Friday, July 18, 2025

Body, Heal Thyself

I have marvelled on many occasions how this vessel I live in (my body) has the ability to recover from a myriad of things on its own. With little or no outside intervention, it rights itself and maintains its equilibrium. Much like how a cat lands on its feet.

I have been wandering through my days feeling a little bit "powder bluish". Not a deep, dark blue mood. Not even a regular "blue" feeling. Just a little bit of a faded blue. I recognize the state and know from past experiences that life has natural ebbs and flows. As I was getting frustrated with myself for my inability to snap out of it, I thought of the "snap out of it" scene from Moonstruck, chuckled a little and I was cured (until next time).

I rarely feel sick but when I recently had a bout with a stomach ailment which grounded me for a day, I slept it off, recouped, recovered and moved on. No intervention required.

A sunburnt face which peeled, peeled and peeled some more. It took a while but my skin has stopped shedding and I'm back to my normal skin tone. No matter how much I tried to moisturize and ease my way through this minor dilemma, my body healed in its own time, in its own way.

Each time I catch my body in a heal and recover mode, I look upward and utter "thank you". Every time I climb out of the other side of the doldrums, I am grateful. Any time I notice my body taking care of me and doing its level best to recover, I am appreciative.

A few nights ago, I took a 3 mile walk. Nothing strenuous, I wore good shoes and everything was in my favor. It was an enjoyable stroll. I came home, had supper and stretched my legs out on a chair. Ahhh. Then I got up. My ankle was not happy supporting the weight of my body while it walked. 

My ankle was fine for the entirety of my walk and in the aftermath. There was no trauma. Did I stretch something when I elevated my feet and relaxed? Would this become an ongoing issue like my painful "resting neck syndrome"?

I pampered my ankle with its own pillow when I went to bed. I awoke in the middle of the night and strolled down the hall to write some middle-of-the-night pages. Ouch. My ankle still hurt. I wrapped it in a tensor bandage and left it on for the rest of the night. 
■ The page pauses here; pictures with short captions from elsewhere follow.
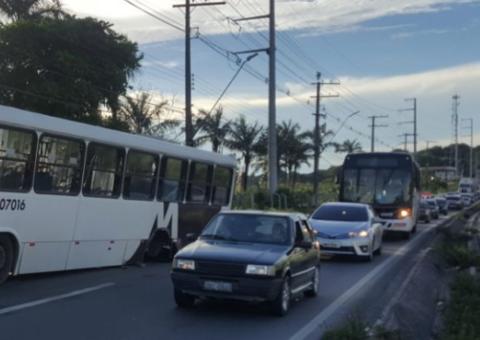 Ônibus quebra e causa congestionamento após rodas saírem rolando em avenida de Manaus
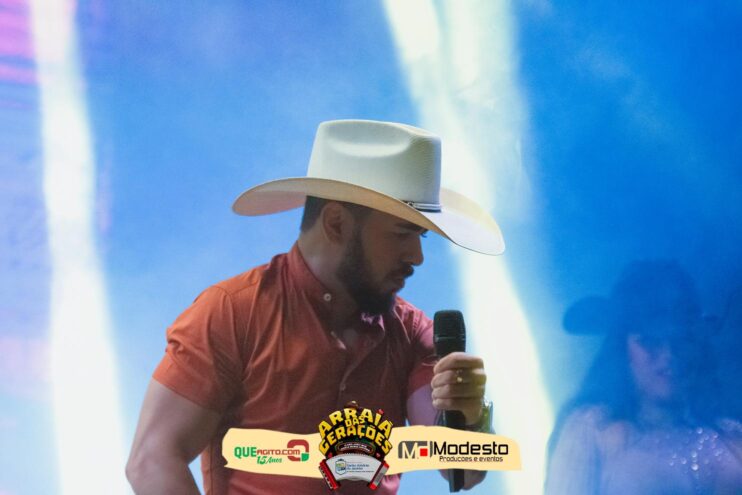 Júlio Nascimento encerra o Arraiá das Gerações com chave de ouro em Santo Antônio do Jacinto-MG 188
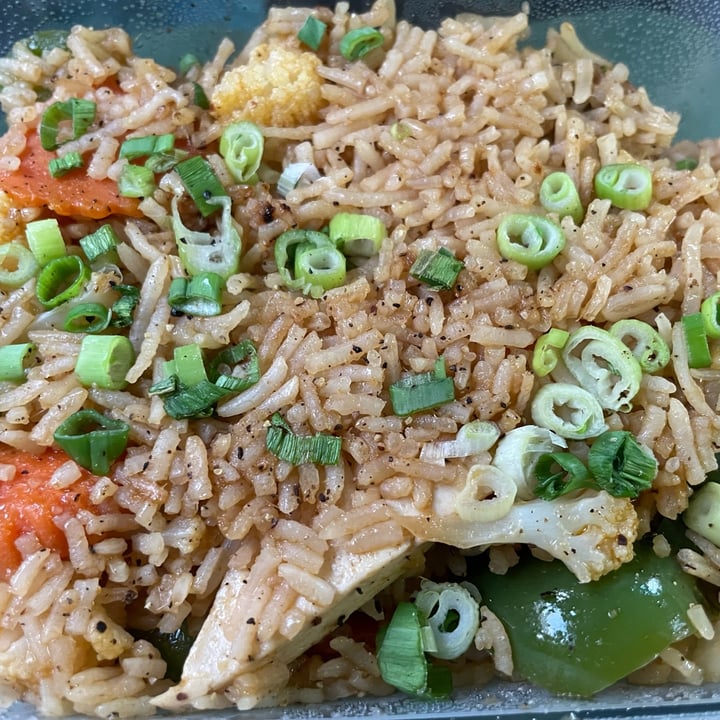 photo of Veggo Sizzle Tom yum fried rice shared by @swaru on  06 Mar 2023 - review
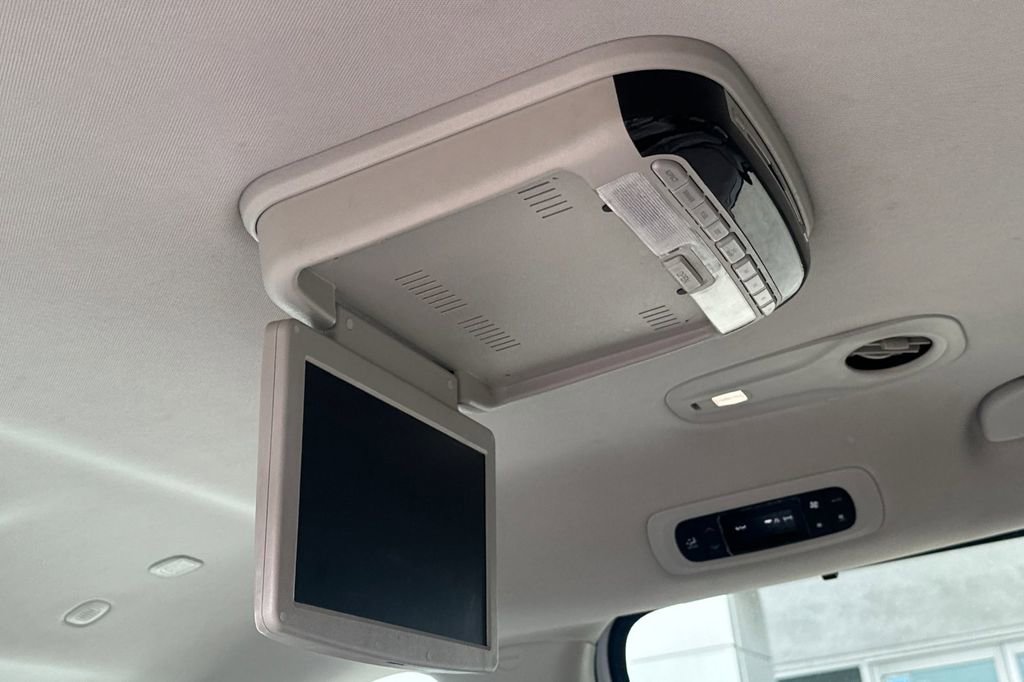 Used 2020 Chrysler Pacifica Touring-L w/ Premium Audio Group FWD image 17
I awoke to an ankle that was still a little angry. I wandered through my morning routines and my ankle was better. Then came the test. I dropped my car off for an oil change and walked (not quite a mile) to work. I never thought of my ankle again. It healed itself.

Thank you! Thank you!! Thank you!!!

I am beyond grateful for my body's ability to retain its state of homeostasis. Our bodies work hard to maintain all that makes us run smoothly. When everything runs as expected, it is easy to take it all for granted. I'm grateful for life's little wake up calls to remind me to simply be grateful.